The Best Chocolate Bars for Baking
If you only keep one kind of chocolate product on hand for dessert-making emergencies, it should be baking bars. Available in all of the many shades and flavors of chocolate on the market today, baking bars are all-purpose meltable, chopable, and snackable—absolutely worth hoarding in a stack in your pantry for when the need for homemade cookies strikes.

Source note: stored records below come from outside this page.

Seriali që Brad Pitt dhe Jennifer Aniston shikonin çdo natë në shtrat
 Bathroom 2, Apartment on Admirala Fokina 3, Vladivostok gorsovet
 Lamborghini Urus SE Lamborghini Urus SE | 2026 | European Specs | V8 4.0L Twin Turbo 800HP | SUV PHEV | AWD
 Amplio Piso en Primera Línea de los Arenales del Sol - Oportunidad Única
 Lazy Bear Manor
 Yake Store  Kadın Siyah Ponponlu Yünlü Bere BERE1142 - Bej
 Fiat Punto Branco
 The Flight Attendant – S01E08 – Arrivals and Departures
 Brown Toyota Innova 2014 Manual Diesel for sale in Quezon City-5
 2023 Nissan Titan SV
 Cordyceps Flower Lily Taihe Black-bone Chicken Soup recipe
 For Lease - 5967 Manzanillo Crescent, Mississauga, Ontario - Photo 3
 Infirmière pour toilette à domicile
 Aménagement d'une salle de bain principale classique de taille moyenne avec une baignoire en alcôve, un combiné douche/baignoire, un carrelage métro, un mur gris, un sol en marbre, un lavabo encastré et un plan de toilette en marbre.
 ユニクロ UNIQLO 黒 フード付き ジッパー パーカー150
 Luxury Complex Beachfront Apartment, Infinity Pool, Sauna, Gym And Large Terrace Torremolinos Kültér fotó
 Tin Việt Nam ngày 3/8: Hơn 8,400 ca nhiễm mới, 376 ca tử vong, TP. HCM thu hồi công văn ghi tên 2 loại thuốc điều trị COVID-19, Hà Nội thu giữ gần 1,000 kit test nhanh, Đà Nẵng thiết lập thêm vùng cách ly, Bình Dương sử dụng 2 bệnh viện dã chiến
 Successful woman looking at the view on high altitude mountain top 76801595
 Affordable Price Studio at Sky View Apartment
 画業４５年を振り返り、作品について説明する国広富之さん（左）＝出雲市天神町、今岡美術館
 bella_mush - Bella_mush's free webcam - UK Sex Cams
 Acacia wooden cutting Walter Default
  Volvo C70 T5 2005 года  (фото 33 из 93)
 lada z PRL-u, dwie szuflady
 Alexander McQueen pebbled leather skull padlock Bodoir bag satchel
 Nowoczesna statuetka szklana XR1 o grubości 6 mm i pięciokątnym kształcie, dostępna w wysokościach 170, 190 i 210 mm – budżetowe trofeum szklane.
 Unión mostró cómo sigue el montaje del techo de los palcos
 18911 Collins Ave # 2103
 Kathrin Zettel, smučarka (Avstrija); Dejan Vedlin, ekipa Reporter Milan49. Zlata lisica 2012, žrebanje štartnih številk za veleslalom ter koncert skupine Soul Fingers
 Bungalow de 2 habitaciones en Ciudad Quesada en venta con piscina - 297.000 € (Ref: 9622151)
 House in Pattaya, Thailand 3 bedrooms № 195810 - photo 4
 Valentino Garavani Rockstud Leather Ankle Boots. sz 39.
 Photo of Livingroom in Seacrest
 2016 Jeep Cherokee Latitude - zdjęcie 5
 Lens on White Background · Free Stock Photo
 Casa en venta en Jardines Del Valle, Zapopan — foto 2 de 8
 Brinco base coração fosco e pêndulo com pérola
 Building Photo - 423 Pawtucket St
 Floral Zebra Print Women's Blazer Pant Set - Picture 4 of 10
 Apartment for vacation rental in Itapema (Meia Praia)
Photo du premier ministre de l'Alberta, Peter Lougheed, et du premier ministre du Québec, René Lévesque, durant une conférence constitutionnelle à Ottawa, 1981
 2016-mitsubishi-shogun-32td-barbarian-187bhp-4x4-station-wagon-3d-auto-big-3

The best chocolate bar for baking depends on what you’re using it for, but most can be swapped in for another to fit your cocoa tastes. Deeply bitter dark chocolate might be just right for a truffle to sink your teeth into, whereas white chocolate chopped into slivers is the perfect mix-in for a bar cookie studded with bits of dried fruit. Regardless of the flavor profile you’re going for (pro tip: Keep an assortment so you never have to settle), bars can do it all. Read on to learn more about why slab-format chocolate is the best, and the appropriate uses for every style.
Why use baking bars?
Despite their rigid shape, chocolate bars offer a lot of versatility to the home baker. Perhaps the most obvious use is as a substitute for chocolate chips in a cookie recipe, with roughly chopped irregular chunks, slivers, and crumbly bits studding the dough instead. This adds visual and textural interest to your finished bake with chocolate dispersed throughout every bite. If you’re planning to melt or temper chocolate, starting with a bar is a good choice as well. Small pieces melt quickly and evenly over a double boiler or in the microwave. And because store-bought chips and chunks often include stabilizers and other extras, a chopped baking bar yields a smoother and more malleable end result.
Because you have control over the shape of your chocolate when you chop it up yourself, bars are a great way to stuff doughs or other treats with chocolate, which creates a melty filling in the oven; long, skinny strips or triangles—for croissants or hand pies, for example—are just bit of knife work away. Finally, taking a vegetable peeler or rasp grater to a bar of chocolate is a quick way to create a decorative effect to top a cake or tiramisu, for tiny curls or fine shavings, respectively.
Semisweet and bittersweet
The hero of a chocolate chip cookie, the champion of buttercream, and the secret to a good ganache is a chocolate that walks the line between sharp and sugary—enjoyable but with just enough bite to add a bit of intrigue. This is semisweet or bittersweet chocolate, two categories that are so similar they can be used interchangeably in recipes to great success.
Semisweet chocolate technically hovers around 60% cacao, while bittersweet approaches 70%; dark (see below) is anything higher that that, though you’ll occasionally see “dark chocolate” labels on products as low as 55%. Luckily, the delightfully balanced effect of either semisweet or bittersweet chocolate on a baked good is about the same. The 60 to 70% range is (no pun intended) the sweet spot for most recipes and most personal tastes as it provides some of the astringency of dark without going whole hog.